なぜ新設のマーケティング部は上手くいかないのか?〜営業にマーケティングを取り入れる3つのステップ
「マーケティングはBtoCの考え方だよね。
うちの会社はBtoBだから」とか、
「営業だからマーケティングは関係ない」
「広告もやっていないしね」
という会社が以前は多かったのですが、
ここのところ「法人営業にもマーケティングを取り入れよう」
必要性を感じて動く会社も増えています。
確かに、マーケティングはコーラなどのドリンクや、
自動車など"BtoC"、対消費者向けの考え方として、
発達してきたのも事実です。
では、営業にマーケティングは必要ないのでしょうか ?
法人営業とマーケティング
しかし、営業活動について考えてみると、
「誰に、何を、どのように、どれくらい、いつまでに」
買ってもらうかという 、
「売り込まずに売れる"一連の流れ"」を考えること、
すなわちマーケティング活動なのです。
経営の大家のドラッカーは、
「事業の目的は、顧客を生み出すこと」で、
「そのためにマーケティングとイノベーション」が、
必要だと言っています。
有名なマーケティングコンサルタントが、
USJや丸亀製麺を、マーケティングの力で、
事業再生したことも話題になりました。
ITの急激な進化や、コロナやウクライナ情勢など、
変化の時代の今、
世の中がマーケティングを今一度見直そう、
という空気になってきています。
このような中で、社長自らが、
「これからはマーケティングだ」と、
「営業部にマーケティングチームを新設したり、
「DXが必要だ、ITを導入しよう」と、
マーケティングオートメーションやSaaSを導入したり、
SNSを新たに始める会社も増えています。
また、「伸びている市場に何かやらなければ」と、
インサイドセールスやリモート営業を導入したりする会社も増えています。
新しいことにすぐに取り組む姿勢は重要です。
また、マーケティングを導入して、
成果を出している会社もあります。
一方で「やってみたけれどもうまくいかない」
「なかなか思ったような成果が出ないのです」と、
相談にいらっしゃる企業が多いのも事実です。
上手くいく会社とそうでない会社は、
何が違うのでしょうか?
ITやシステムの導入、新しい売り込みの導入、
組織を変えてみるなどの、
表面的なことや方法を変えてみただけで、
はうまくいかないのです。
これは、パソコンやスマホというハードを買っても、
ソフトやアプリがないと動きませんし、
その使い方がわからなければ、
やはりうまく使えないのと同じです。
営業は「人」が「人」に向けて行う仕事なのでなおさらです。
営業にマーケティングを注入する3つのステップ
先程の事例のように、
形だけ入れるのではうまくいかないのです。
会社の営業部門に、マーケティング的な顧客目線を注入するときに必要な事は、大きく分けて3段階で入れるのが良いでしょう。
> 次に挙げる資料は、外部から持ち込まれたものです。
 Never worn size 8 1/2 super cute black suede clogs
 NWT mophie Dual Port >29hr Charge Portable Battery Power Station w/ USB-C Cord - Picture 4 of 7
それは、
- WHY:なぜやるのかという理由・やる意義
- WHAT:何をやるのかという方針
- HOW:どうやってやるのかという具体的な施策
をこの順番で導入することです。
1. WHY 取り入れる意味
まずすべきは"なぜ営業にマーケティングを取り入れると効果が出るのか"という意味、やる意義をはっきりと定義します。
人は「これをやれ」と言われればまずはやりますが、
それでは"やるだけ"で終わってしまいます。
「マーケティングを取り入れると、自分の仕事がどうなるのか?」
「その結果、どんな成果が出るのか?」
が腹落ちしないと、続かないのです。
やる意義を明文化して、組織内に浸透させていくことで、社員全体が腹おちします。
そしてもう一つ重要なのが、
「マーケティングを営業に入れると、
うちの会社の営業はどうなるのか」という、
会社が目指すゴールとビジョンを提示することが重要です
2. WHAT 方向性を決める
そして、その理想の姿に向かってどんな方針で何をやるのか、
やりたい事の全体像といった大きな絵を描いていきます。
方向性や課題といった"戦略"をはっきりさせることです。
3. HOW 具体的な施策を決める
方針と戦略がはっきりしたら、
「誰が、何を、いつまでにやるか」
という行動計画を立てていきます。
その時に必要な事は、スーパー営業マンに頼るといった属人的な営業から抜け出せる仕組みを構築すること。
まずは"型"を作りそこから始め、
徐々に工夫を入れて改善していく、というステップがいいでしょう。
これが「誰がやっても最低限の成果を出せる」
「顧客の引き継ぎもスムースにできる」といった、
再現できる仕組みを作って実施するということが重要です。